# Required work
In the listing below, locate the line with "The filter tracks" and the line with "Hi everyone, welcome", then output both and everything between them exactly, minus any pictures.
--- Data records ---
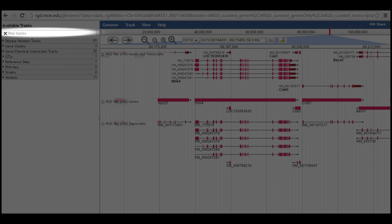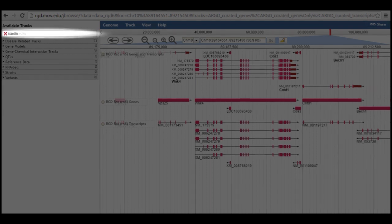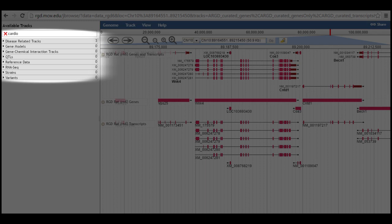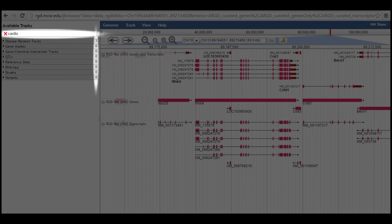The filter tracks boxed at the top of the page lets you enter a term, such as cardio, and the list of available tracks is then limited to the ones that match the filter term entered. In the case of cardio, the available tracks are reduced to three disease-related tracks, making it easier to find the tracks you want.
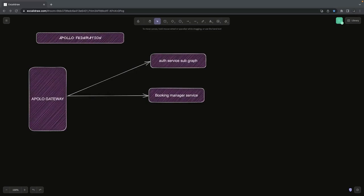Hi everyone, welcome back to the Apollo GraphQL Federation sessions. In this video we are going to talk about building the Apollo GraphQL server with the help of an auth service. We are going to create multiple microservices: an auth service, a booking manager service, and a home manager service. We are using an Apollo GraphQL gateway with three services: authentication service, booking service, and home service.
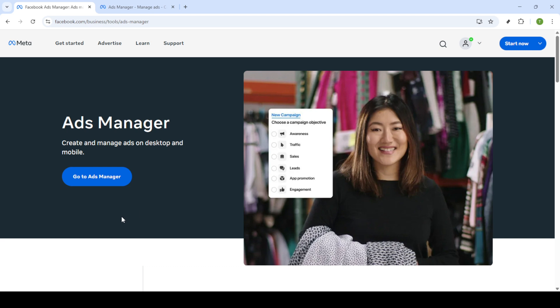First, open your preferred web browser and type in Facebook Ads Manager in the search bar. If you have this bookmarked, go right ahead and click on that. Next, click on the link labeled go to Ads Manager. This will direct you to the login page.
---
--- Data records ---
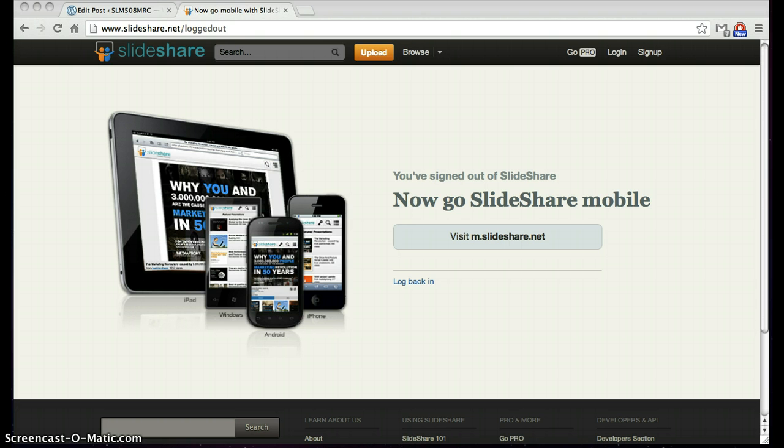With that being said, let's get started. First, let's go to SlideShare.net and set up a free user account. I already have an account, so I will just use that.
---
--- Data records ---
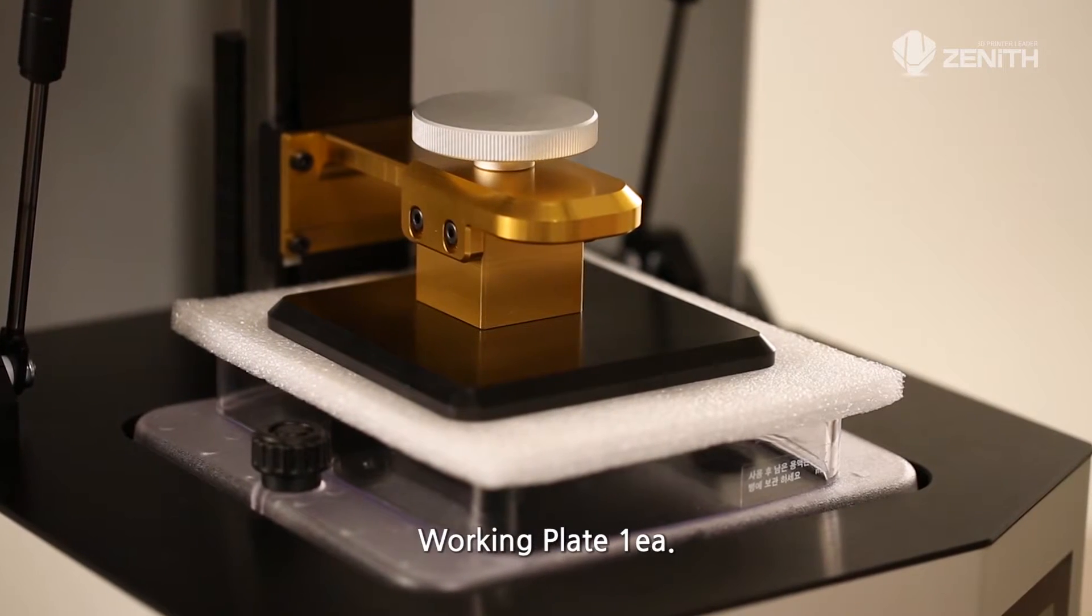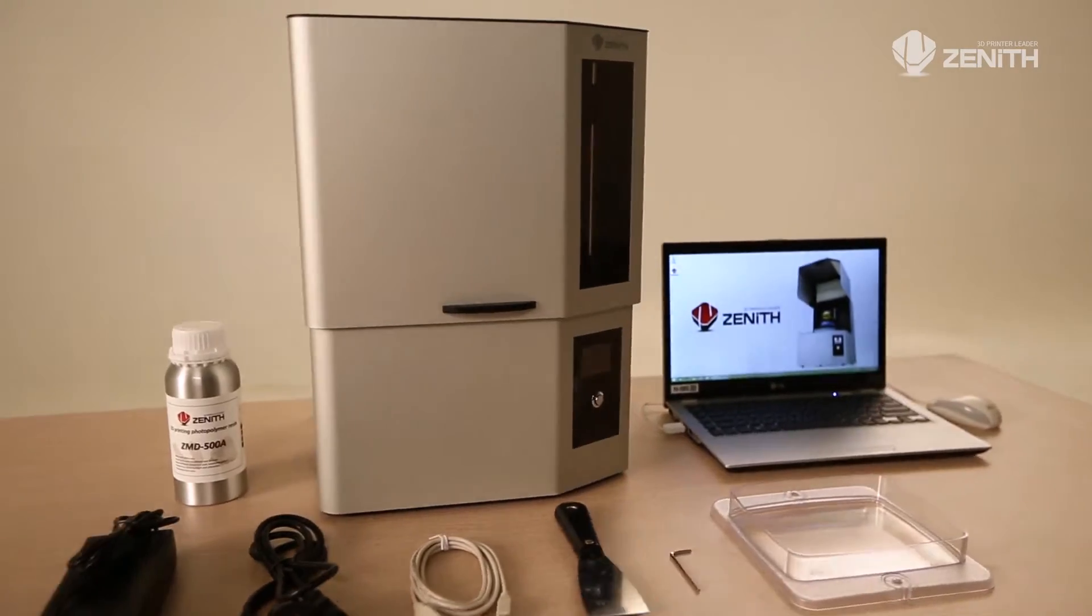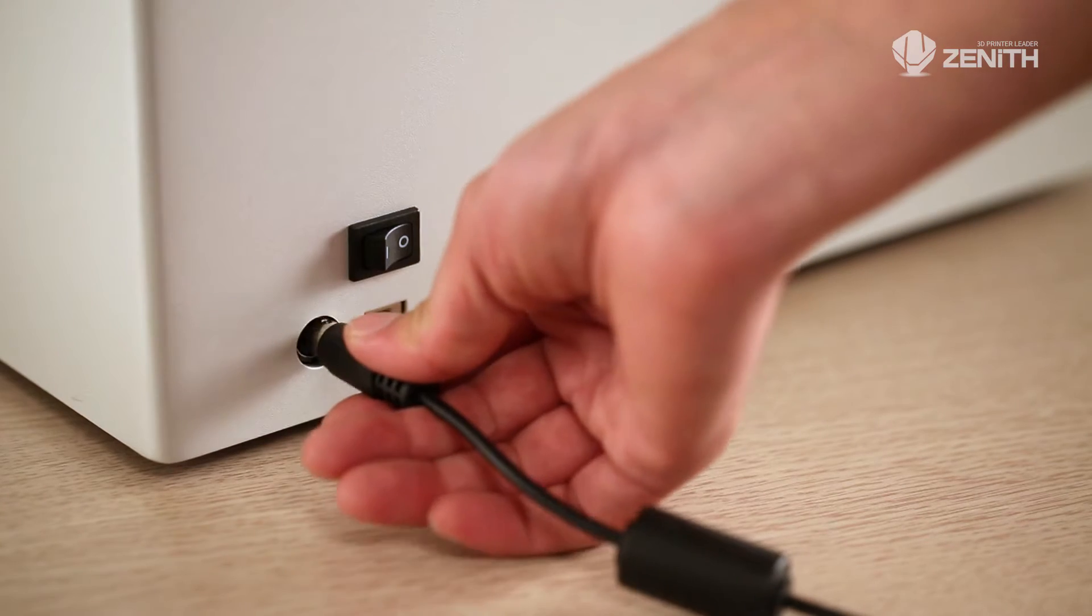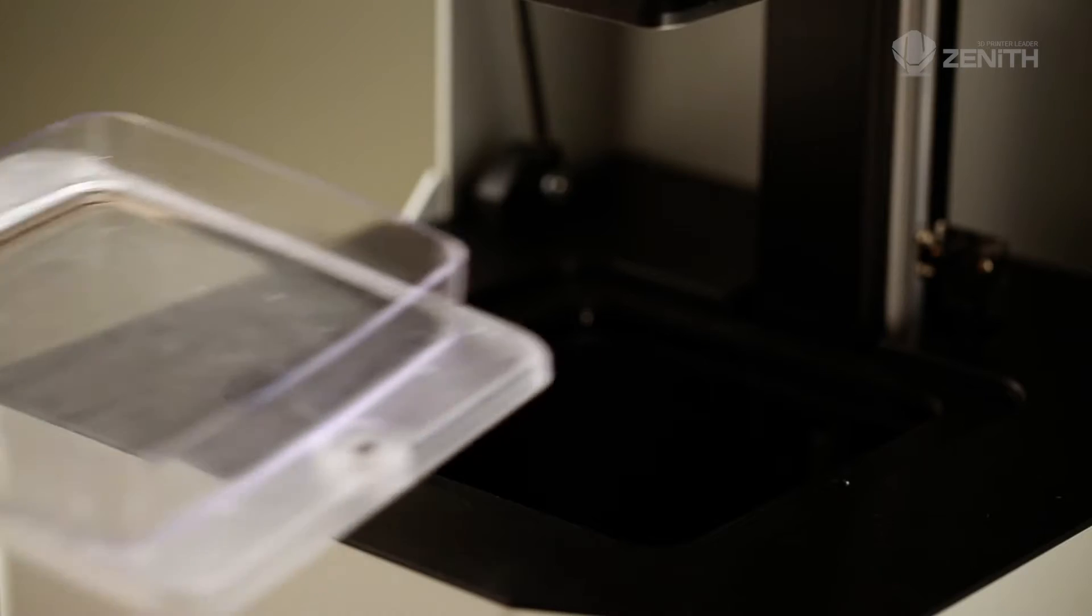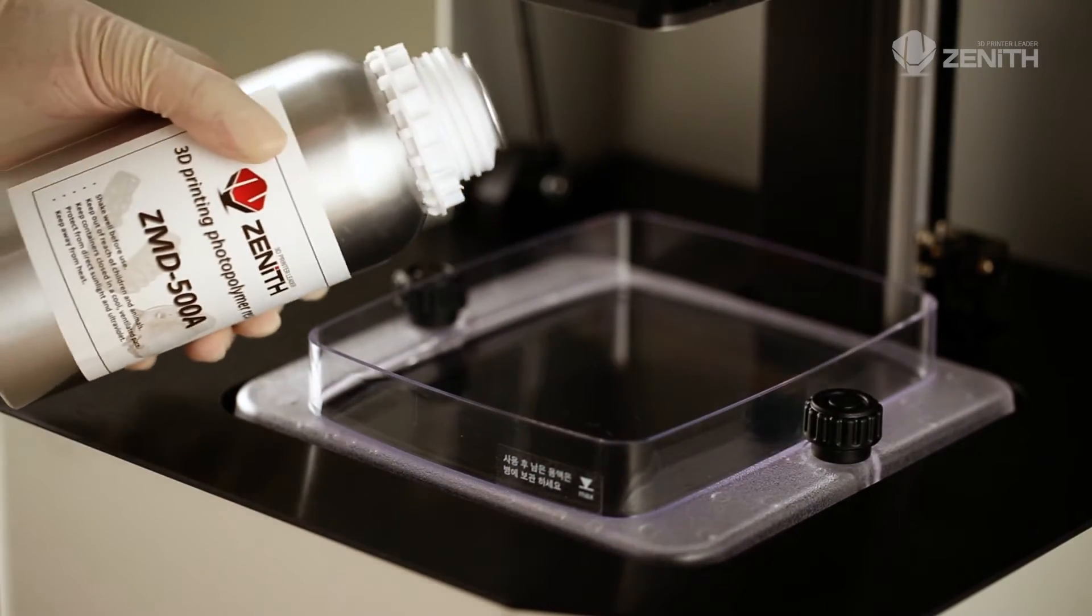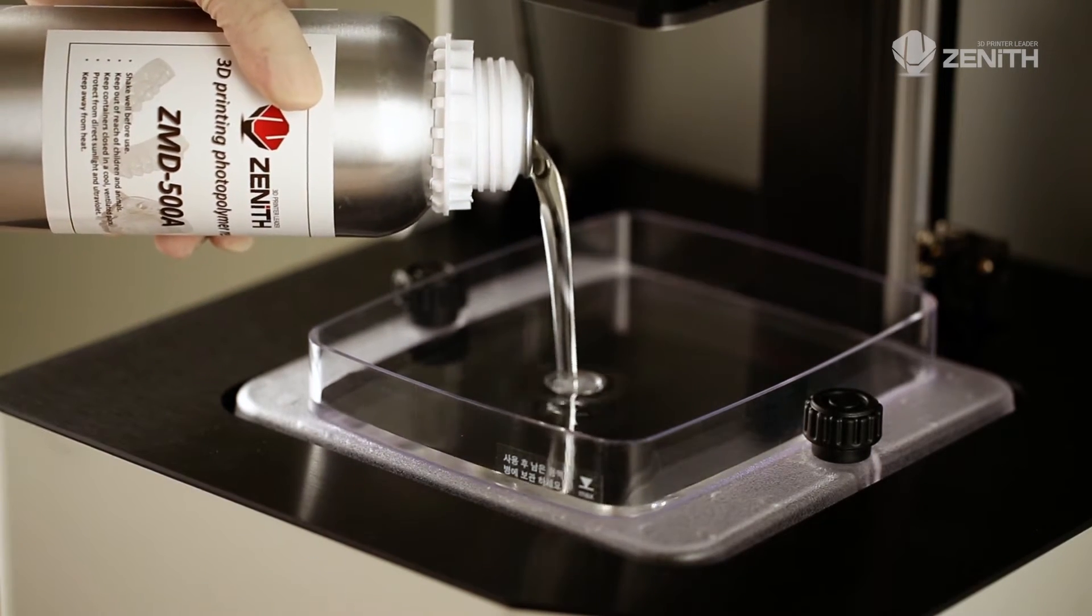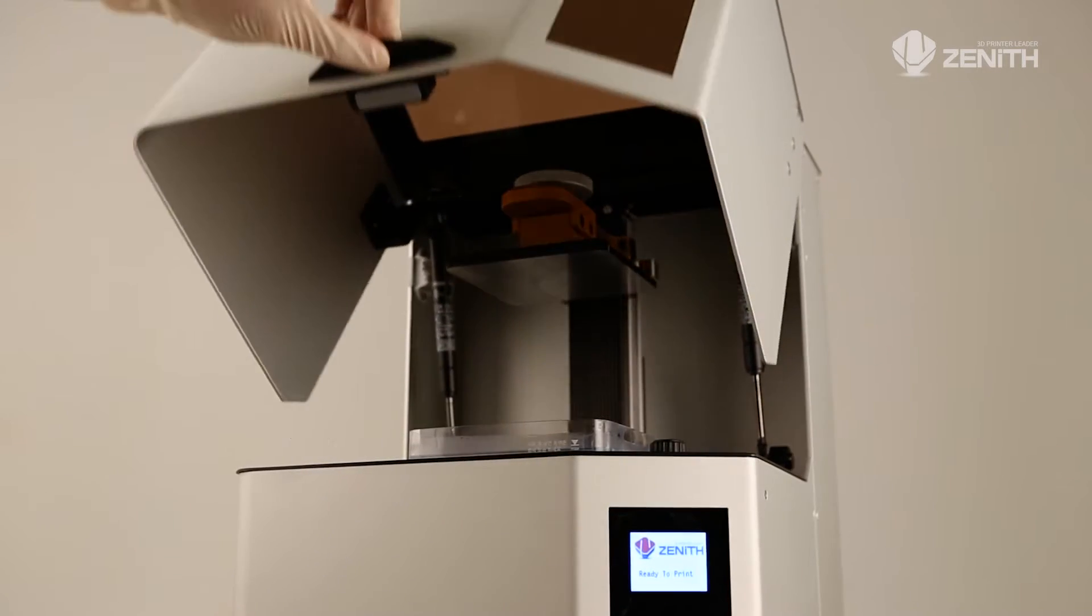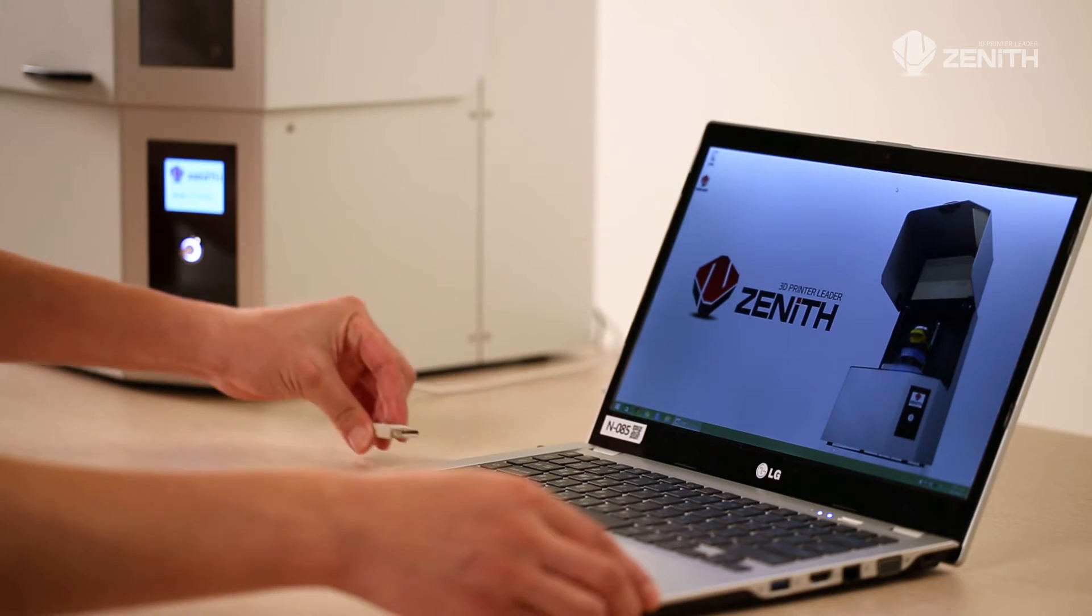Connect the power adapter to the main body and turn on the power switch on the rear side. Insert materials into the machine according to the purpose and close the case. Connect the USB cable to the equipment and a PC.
---
# Answer section
The filter tracks boxed at the top of the page lets you enter a term, such as cardio, and the list of available tracks is then limited to the ones that match the filter term entered. In the case of cardio, the available tracks are reduced to three disease-related tracks, making it easier to find the tracks you want.
Hi everyone, welcome back to the Apollo GraphQL Federation sessions. In this video we are going to talk about building the Apollo GraphQL server with the help of an auth service. We are going to create multiple microservices: an auth service, a booking manager service, and a home manager service. We are using an Apollo GraphQL gateway with three services: authentication service, booking service, and home service.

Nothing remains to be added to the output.